While the Court recognised that the merits of a proposed appeal may, in principle, be relevant to the exercise of the discretion to extend time, a decision to refuse an extension of time based substantially on that ground should be made only where the appeal is clearly hopeless. Examples include where the appeal could not possibly succeed, where there is an abuse of process or where the appeal is frivolous and vexatious. The lack of merit must be readily apparent.[6]
Discussion
[6]At [39(c)].
The explanation provided by the appellant for his failure to comply with the r 43 prescribed timeframe is:
I have been exhausted worrying about my rights, my titles and my recompensation claims and my inheritance claims. From the law and New Zealand Government, and from the New Zealand Courts. The jurisdiction of the High Court of New Zealand at Hamilton (a Court of General Jurisdiction), and the jurisdiction of the Court of Appeal of New Zealand (a Court of Record and a Court administering the common law, thus all courts in New Zealand have Stare Decisis whether binding or persuasive precedents/cases), and as stated in my proceedings (CA397/2018) (CIV02018-419-174) (CIV 02018-419-178). My exhausted worrying about my rights, titles and my recompensation claims and my inheritance claims, are related in contents and meanings in my stated proceedings, including this herein court form my exhausted worrying is merciless.
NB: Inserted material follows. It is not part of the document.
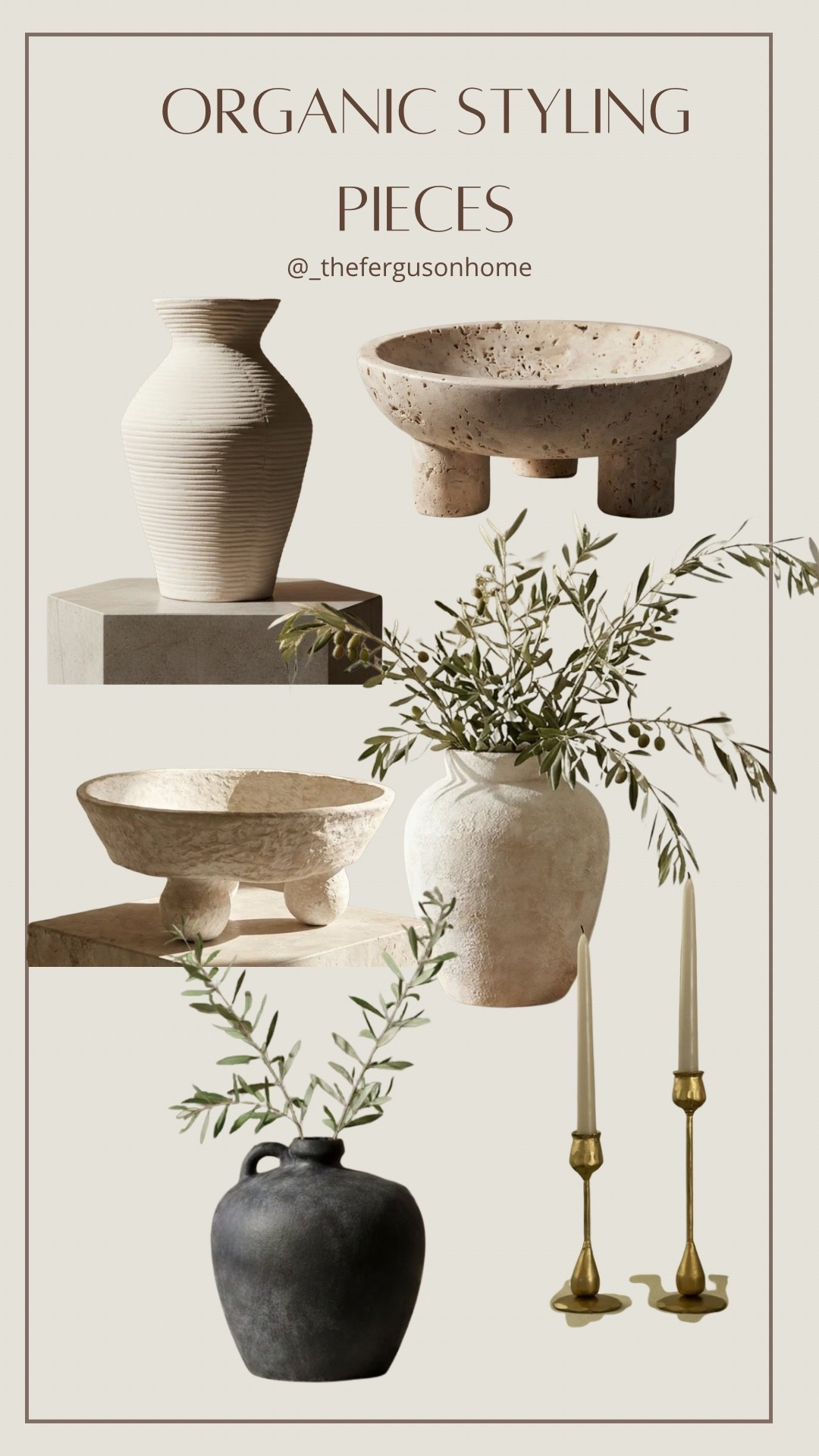Organic modern styling pieces. Organic vases, candlestick holders, travertine bowls 

#LTKHome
I have included in my Statement of Claim documents stated here, if not my Notice of Appeal CA397/2018, I request my claims/documents be sent to the Supreme Court of New Zealand, in order for my claims/reliefs to be granted to me. I do not believe I should be worrying, not after what I have communicated to the courts stated, and government stated here.
This reason is essentially similar to that advanced in support of applications made by the appellant in other matters in this Court, either for leave to appeal under r 29A[7] or for an extension of time under r 43(2).[8]
[7]Smyth-Davorenv Parker [2019] NZCA 181.
[8]Smyth-Davoren v Parker [2019] NZCA 139.
In addition to the application, the appellant filed further documents on the following days intended for reference to the Court:
· 20 March 2019
· 25 March 2019
· 26 March 2019
· 29 March 2019
· 1 April 2019
· 4 April 2019
None of this substantial volume of material appears to be directed to the application for an extension of time. In the main it is incoherent. It is similar in that respect to the 29 page notice of appeal, a bizarre document in which the appellant describes himself as a “freeman” but concludes with the repeated assertion that he is an ape, that apparently being relevant to his mode of communication.
In a measured memorandum in opposition counsel for the defendant submits that the merits of the appeal are extremely weak, drawing attention to the conclusion of Williams J, in his decision on an application for review of a Registrar’s decision declining to dispense with security for costs, that “the appellant has no prospects of success in this appeal.”[9]
[9]Smyth-Davoren v Mountbatten (born Windsor) [2018] NZCA 524 at [8].
We agree with the respondent’s submission. We consider that the appeal is frivolous and vexatious. It should not be further prolonged by an extension of time.
Result
The application for an extension of time to file the case on appeal and apply for the allocation of a hearing date is declined.